# [EXERCISE INSTRUCTIONS]
Using the data that follows, give again word for word the lines between the one holding "Ranking witryn według" and the one holding "Mind Map: HR Competencies", inclusive. Omit the pictures.

# [INPUT FOR THIS TASK]

■ ■ ■ ■ ■

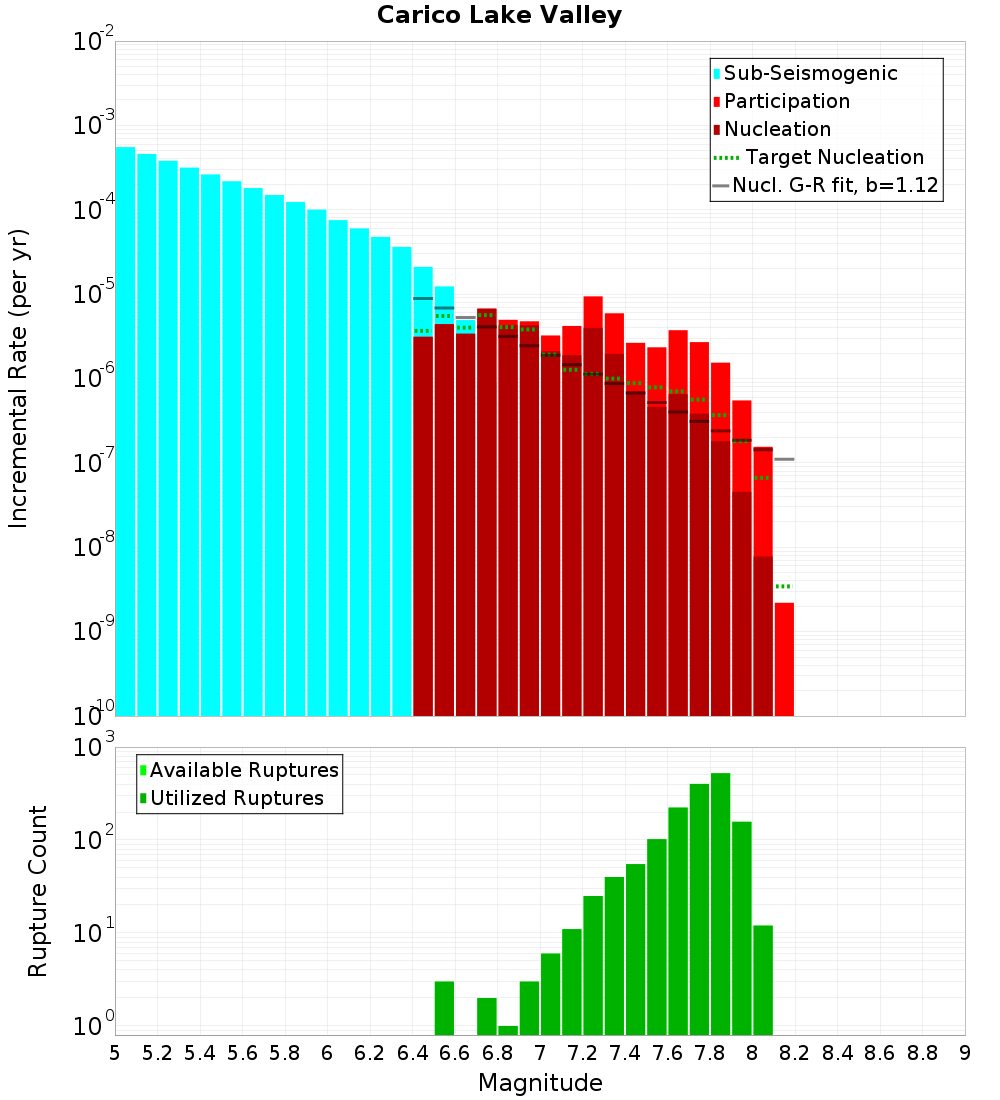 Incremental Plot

■ ■ ■ ■ ■

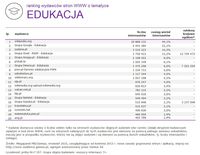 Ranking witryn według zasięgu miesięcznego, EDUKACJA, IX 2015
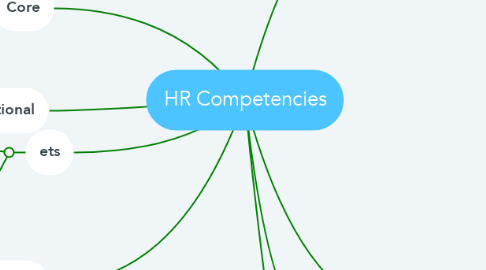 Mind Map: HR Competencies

■ ■ ■ ■ ■

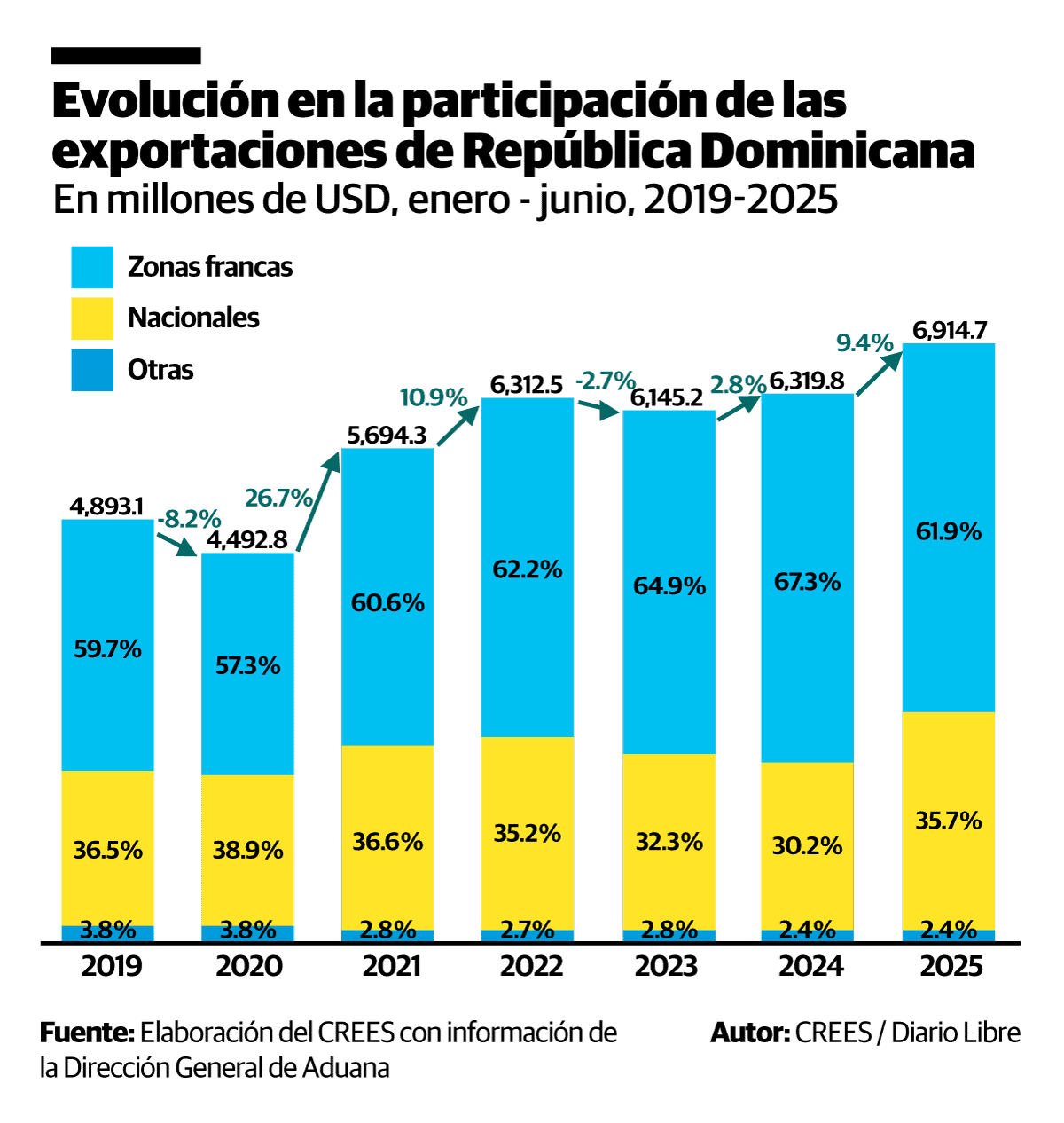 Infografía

■ ■ ■ ■ ■

# [RESULT OF THE TASK]
 Ranking witryn według zasięgu miesięcznego, EDUKACJA, IX 2015
 Mind Map: HR Competencies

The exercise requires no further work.